### SUPPLIED INFORMATION

>>>

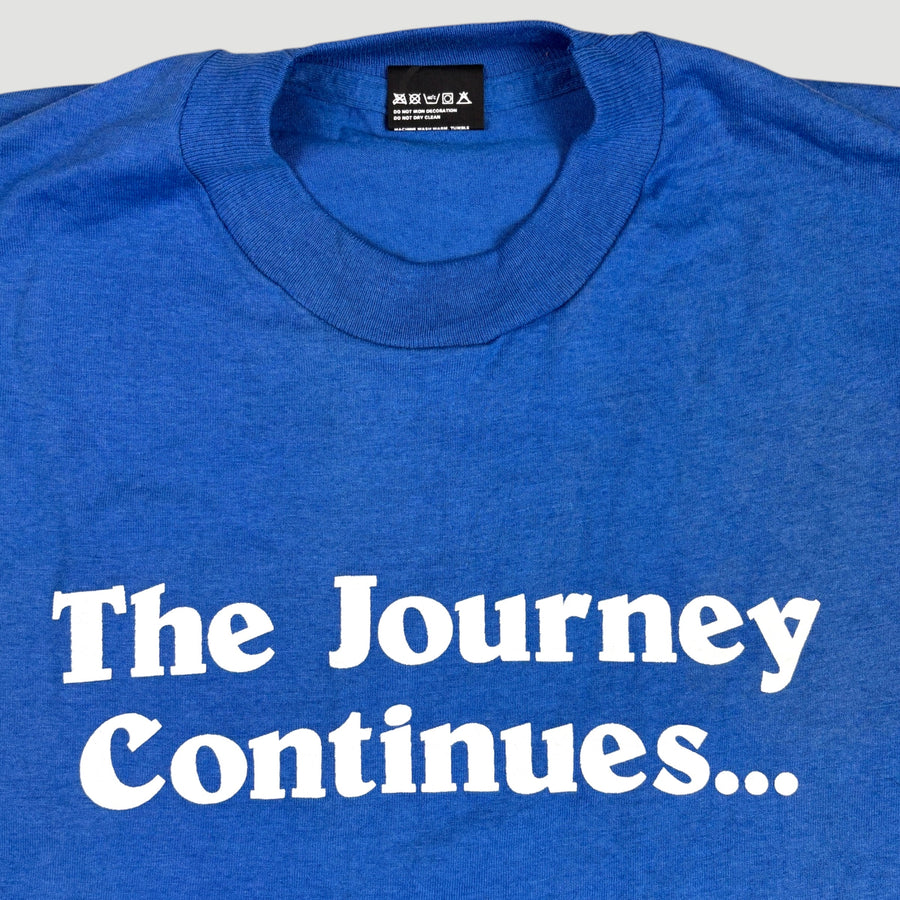 1992 The Journey Continues T-Shirt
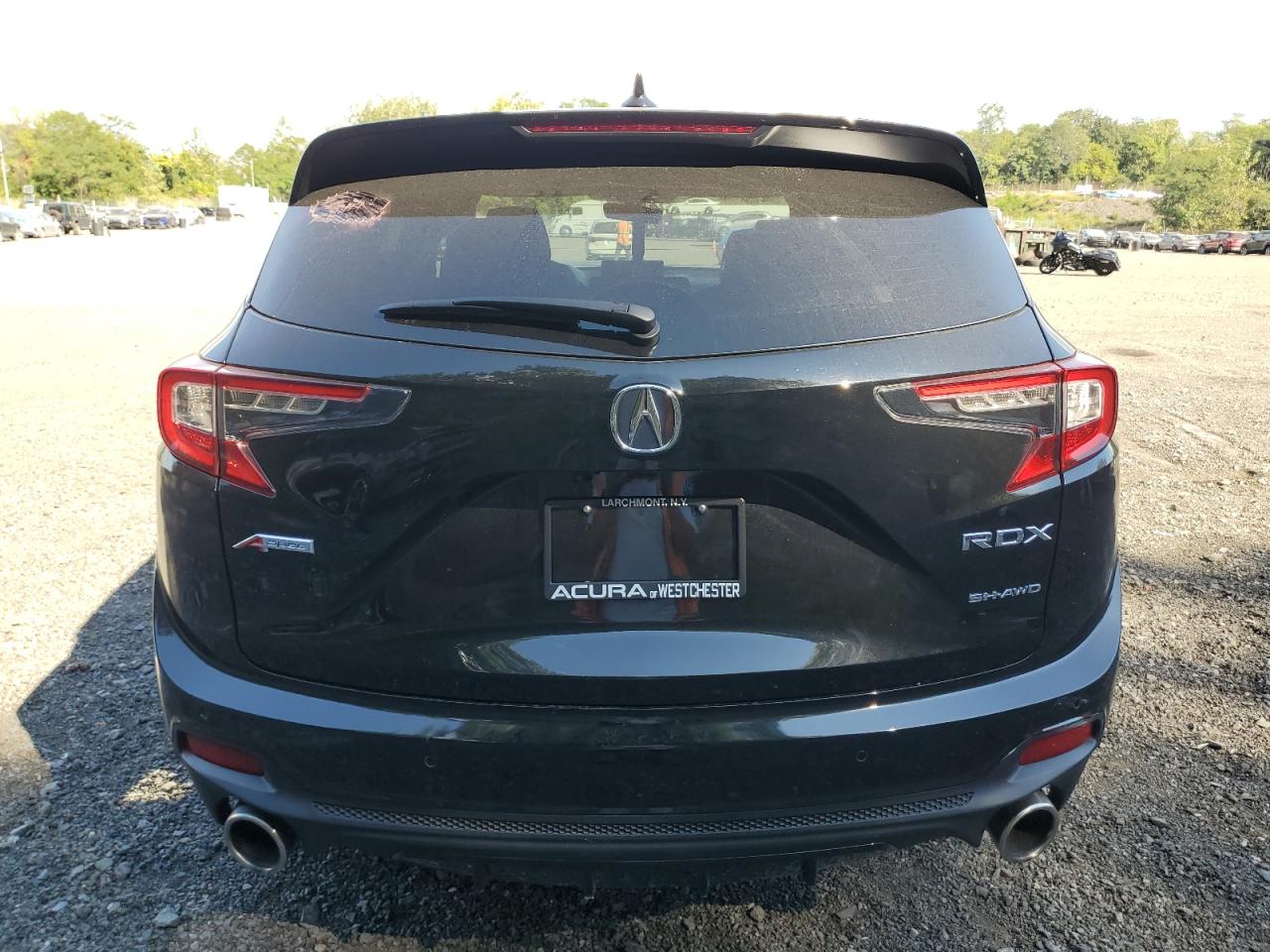2024 Acura Rdx A-Spec Advance VIN: 5J8TC2H83RL030083 Lot: 70578305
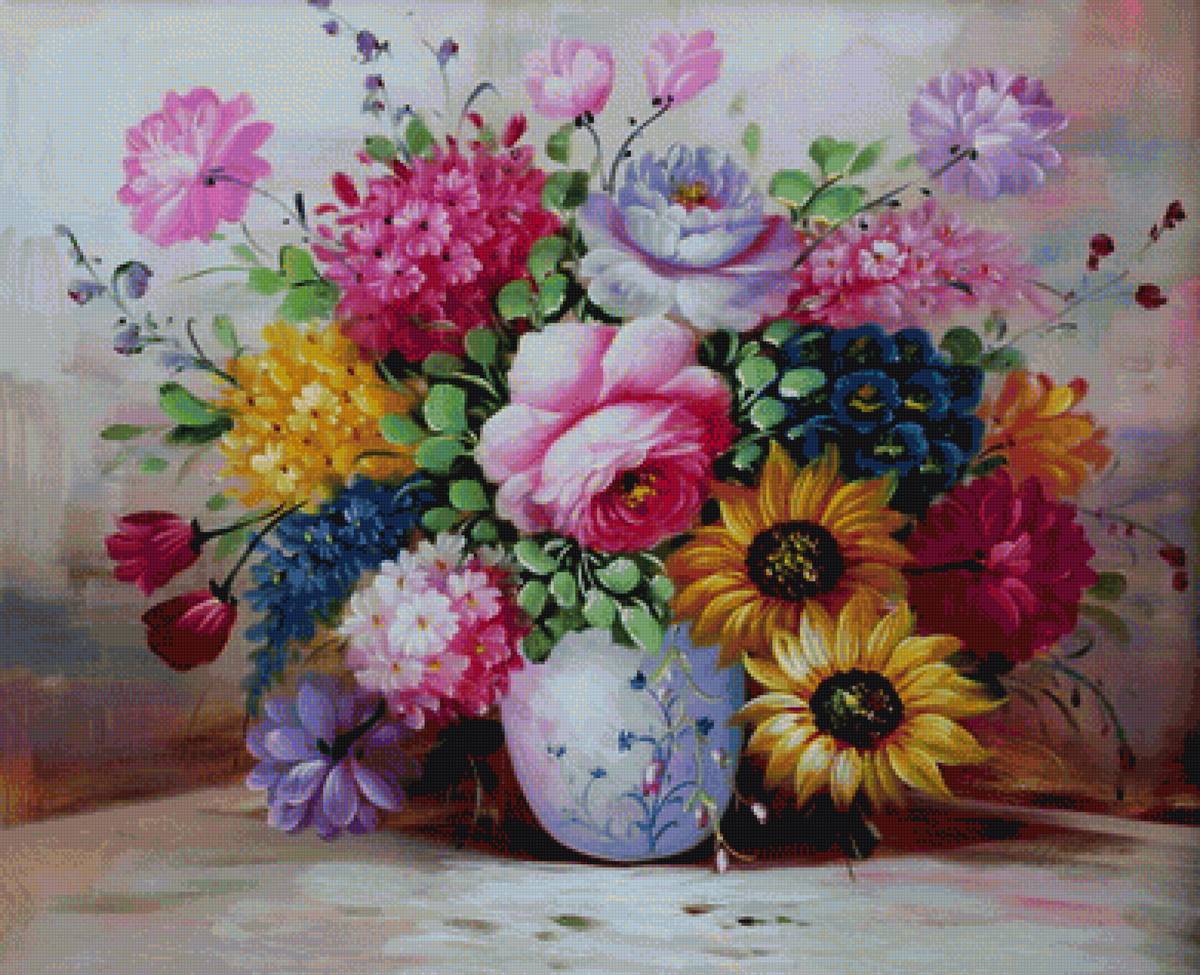 kytica kvetov - предпросмотр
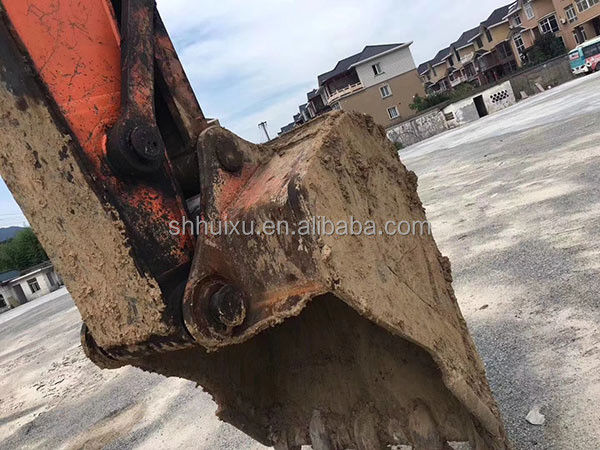 Hitachi em estoque máquina de escavar usada Hitachi zx350 para venda/ Máquina de escavar japonesa HITACHI 350 para venda/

<<<

### HOW TO COMPLETE THIS TASK
As you output the material, omit the pictures but alter nothing else.

### TASK RESULT
 1992 The Journey Continues T-Shirt
2024 Acura Rdx A-Spec Advance VIN: 5J8TC2H83RL030083 Lot: 70578305
 kytica kvetov - предпросмотр
 Hitachi em estoque máquina de escavar usada Hitachi zx350 para venda/ Máquina de escavar japonesa HITACHI 350 para venda/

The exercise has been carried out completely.